Here is a strange and bitter crop: Emmett Till and the rhetorical complications of treescape memory.

AuthorBlack, Jason Edward

In November 2014, on a cold and rainy fall morning, a score of Department of Justice dignitaries, progressive agents of Congress, and members of the aging mid-twentieth century U.S. Civil Rights Movement gathered on the U.S. Capitol grounds to plant a single sycamore sapling. A cultural salve motivated by the merciless and despicable 1955 murder of Black teenager Emmett Till, the ceremony was--in the words of U.S. Attorney General Eric Holder--meant to "commemorate [Till's] legacy by planting a tree in his honor--a tree that will become his living memorial, here at the heart of the Republic" (Holder, 2014, p. 1). When the morning sun glinted across the Capitol grounds the following day on November 18 it revealed the new specter and its constitutive marker amongst the "Memorial Tree" section of the building's 274-acre park. There next to "Emmett's tree" stood a small, spiked plaque that read: "To honor Emmett Louis Till, a young African-American man whose brutal killing in 1955 raised the public awareness that led to Civil Rights reforms" ("Emmett Till memorial tree").
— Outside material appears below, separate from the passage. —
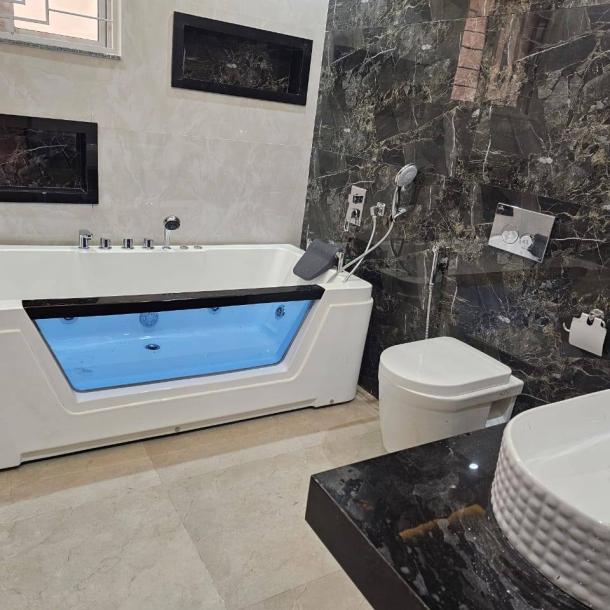 1 Kanal New Beautiful House Available For Rent In Bahria Town Lahore-13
Indeed, the physical wounds of young Emmett connect to the ongoing social wounds of his slaying--made fresh when his mother, Mamie Till Mobley, courageously and presciently displayed his broken body before the nation's conscience and made forever-sore by the circulation of Till's memory in the context of contemporary violence committed against Black communities (Hendrickson 2005; Houck 2005; Tell 2008; Whitaker 2005).

And, so it was that after nearly 60 years following his brutally-exacted and popularly-animated murder, and in the wake of decades of public petitions to bring his name and story to Washington, DC, Mamie's son Emmett finally was remembered in his own nation's capital (Gordon 2014). (1)
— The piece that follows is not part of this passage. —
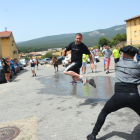 Un o de los mayorales atiza a uno de los jóvenes que se había escapado de la comitiva.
This essay examines the Emmett Till Memorial Tree's (ETMT) textual field--from Senator Susan Collins' (Maine) initial petition for commemoration, Holder's memorial address, and Civil Rights activist Janet Langhart Cohen's encomium for Emmett to the "official" Architect of the Capitol press releases about the ceremony and op-eds related to the moment--that engages the rhetorical complications surrounding what critical geographers call "treescape memory" (Cloke and Pawson 2008). Trees long have been a part of memorialization in western culture. They simultaneously are physical place-markers of memory (celebrating life and noting loss) and social space-signs of resilient human nature (moving from "dead" traumatized pasts to "breathing" anticipative futures). However, despite the living monuments that treescapes help craft, they also can be fleeting and temporary; they elicit an impermanence that brick-and-mortar architecture manages to avoid.
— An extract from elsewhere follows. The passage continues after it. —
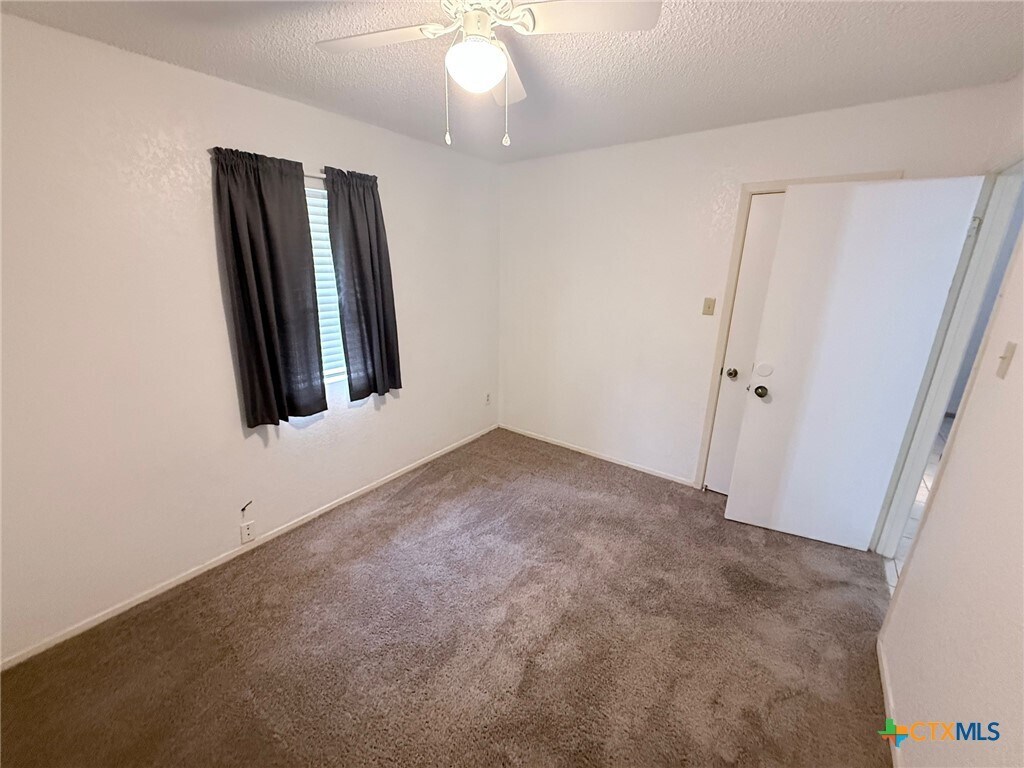 Photo - 2502 Transit Dr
In analyzing the ETMT and the public discourse that surrounds it, the optimistic metaphorical sycamore-as-hope can seemingly clash with a fretful sense that the corporeal sycamore itself is insufficient to commemorate such a watershed flag individual of the U.S. Civil Rights Movement. Concerning the latter, that the tree was planted against a social landscape of battered Black bodies, especially alongside the immediately-contextual August 2014 murders of both Michael Brown (Ferguson, Missouri) and Lennon Lacy (Bladenboro, North Carolina) only complicates the ways that the tree is understood to mean. That is, the timing of the memorial after years of ignored appeals to honor Till might have struck some as peculiar; is Till being remembered on his own or does it take analogic traumas to call upon Till's spirit? Moreover, the use of a tree, a symbolic and material badge of lynching, signals traumas that might not otherwise be present in the memorialization of an icon through brick-and-mortar; some might question if a memorial tree, therefore, insults Black communities? Finally, a tree is not as enduring as statuary; frankly, is a tree enough to honor Till?

Of course, there is concomitant evidence to suggest that a tree is an appropriate sign of life, renewal, and growth, thus functioning as a suitable emblem of Till's memory. For instance, U.S. Civil Rights activist Janet Langhart Cohen reminded the gathered audience that November day that Emmett's tree will "reach for the sun in the day time and the stars by night, and inspire us to reach for our higher humanity" ("Emmett Till tree memorial").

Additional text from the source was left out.